Big U.S. banks are scrambling to offer more technologies and services demanded by consumers, including peer-to-peer payments, so startups don’t steal parts of their business, Bank of America Corp. Chief Executive Officer Brian Moynihan said.
“We are redefining what a checking account means in the U.S. right now,” Moynihan said Tuesday during an industry conference in New York. “All of these capabilities -- real-time payments, P2P, and all that stuff, this is just going to become core to what the checking account is in the future, and we’re going to have to provide that with I don’t think any way to get paid for it.”
Moynihan said earlier Tuesday that lenders must learn from financial technology startups and closely monitor customer preferences to avoid the fate of other industries being squeezed by new entrants.

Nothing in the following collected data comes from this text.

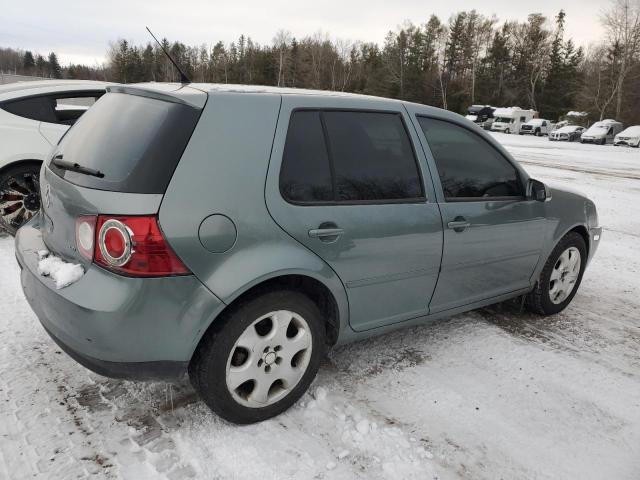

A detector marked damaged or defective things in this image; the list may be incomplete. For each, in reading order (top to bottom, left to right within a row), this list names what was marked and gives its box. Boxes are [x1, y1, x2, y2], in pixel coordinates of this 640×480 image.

white damaged car [0, 81, 107, 234]
white damaged car [612, 124, 640, 147]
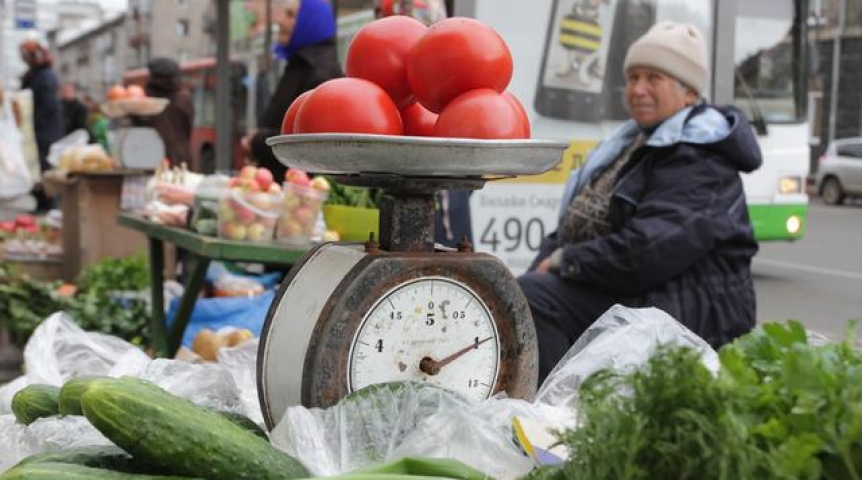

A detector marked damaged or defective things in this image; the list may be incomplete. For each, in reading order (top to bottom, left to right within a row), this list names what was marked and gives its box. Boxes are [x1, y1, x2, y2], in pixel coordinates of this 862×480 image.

rusty scale [258, 133, 568, 430]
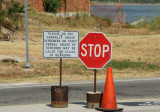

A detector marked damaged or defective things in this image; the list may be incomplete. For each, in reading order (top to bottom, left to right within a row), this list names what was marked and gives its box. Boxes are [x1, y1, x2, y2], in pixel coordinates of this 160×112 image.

rusty metal barrel [51, 86, 68, 107]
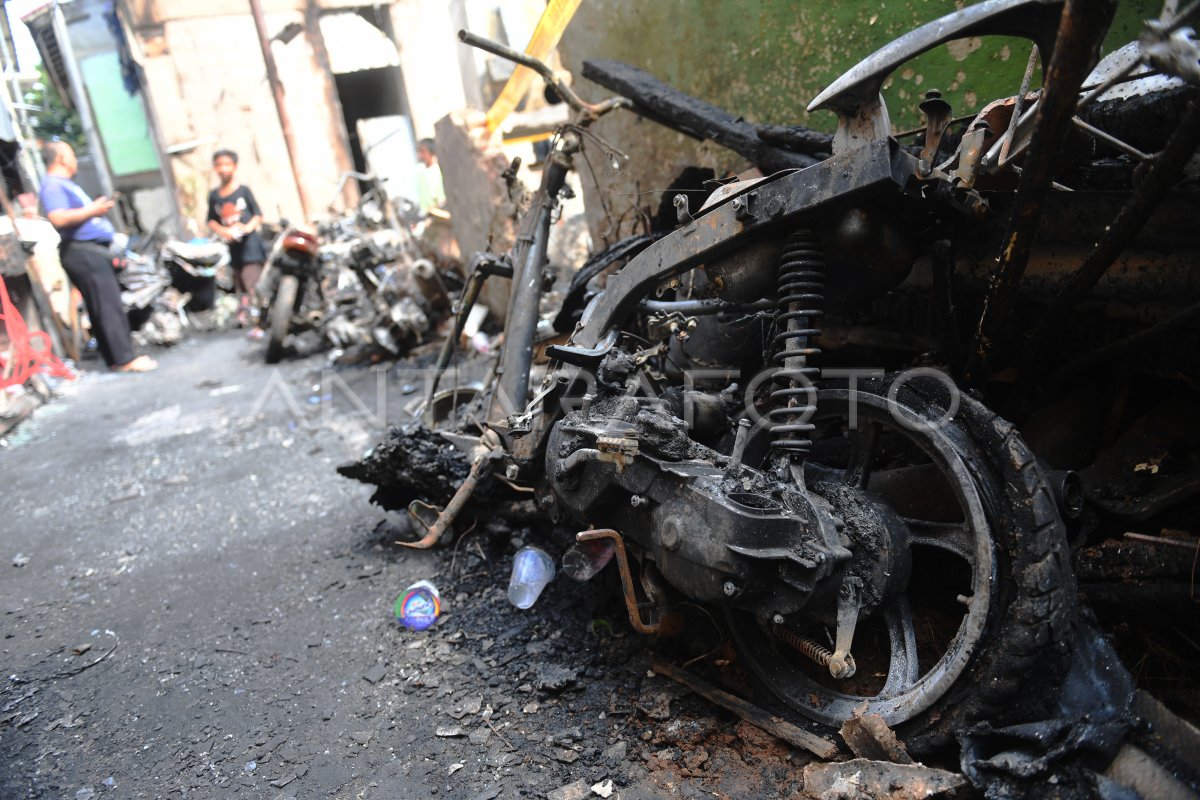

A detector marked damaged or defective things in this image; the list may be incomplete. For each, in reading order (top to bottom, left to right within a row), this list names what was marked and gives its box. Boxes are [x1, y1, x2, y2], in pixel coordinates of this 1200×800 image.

burnt scooter [258, 223, 322, 364]
burnt motorcycle [340, 0, 1200, 756]
burnt scooter [342, 3, 1200, 756]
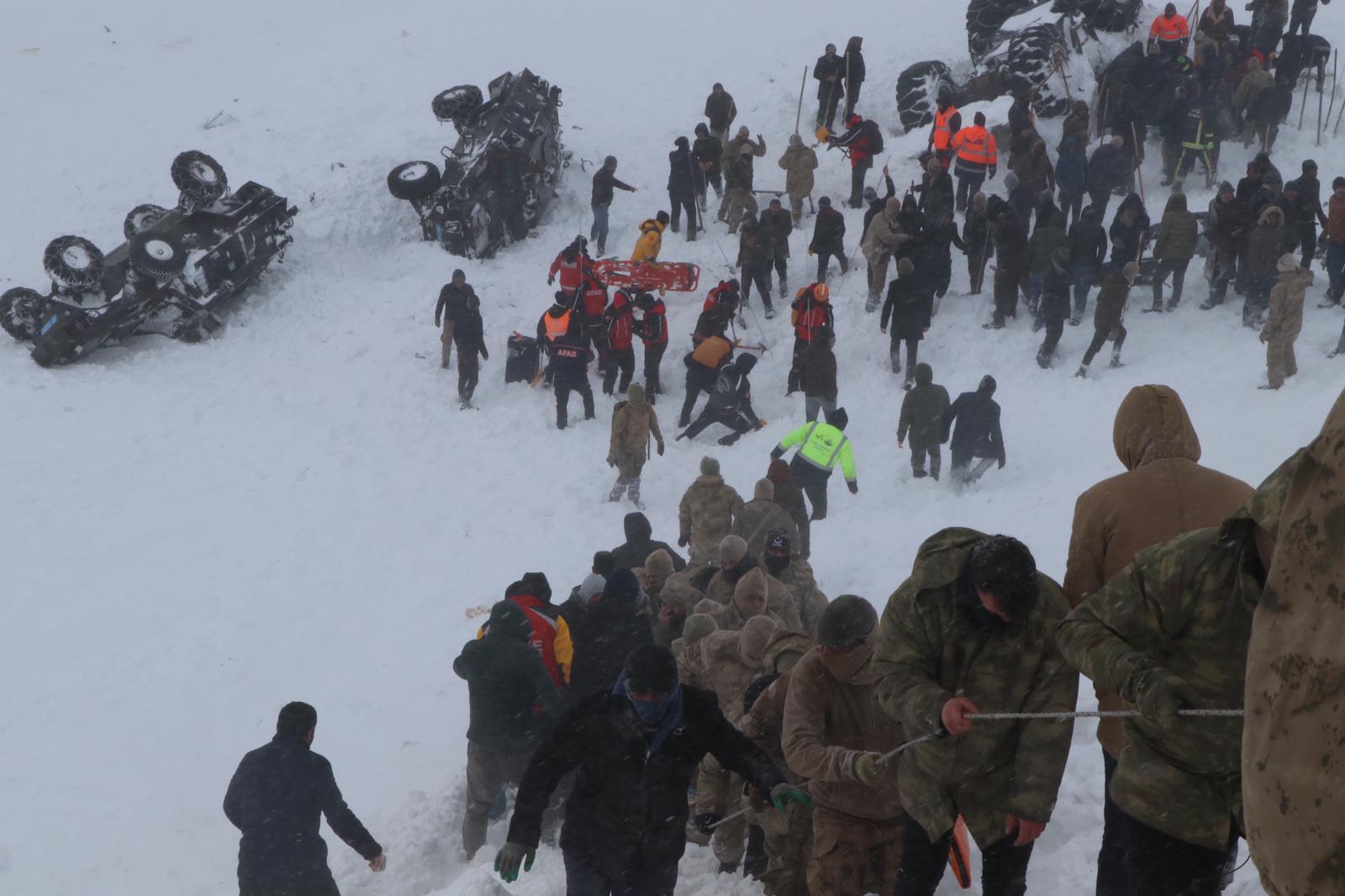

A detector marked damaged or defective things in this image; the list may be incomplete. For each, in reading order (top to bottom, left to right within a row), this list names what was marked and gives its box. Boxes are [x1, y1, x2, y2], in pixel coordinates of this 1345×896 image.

overturned military vehicle [2, 151, 297, 366]
overturned military vehicle [387, 69, 565, 258]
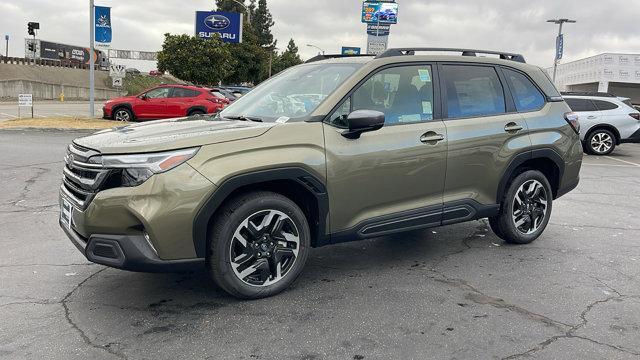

That includes innovations such as blockchain technology that may ease institutional transactions, retail bank data aggregators and robo-advisers in wealth management.
“If we do it well, it bodes well for our industry,” Moynihan said. “If we don’t do it well, it may allow part of our industry to be forever taken away from us because it can divorce the payment system away from us.”
Peer-to-peer payments allows a person to send money from their bank account to someone else with a few taps on a smartphone. The relatively nascent service is dominated by firms including PayPal Holdings Inc.’s Venmo. Apple Inc. is in negotiations with banks to introduce a peer-to-peer payments feature as soon as next year, a person with knowledge of the talks said last week.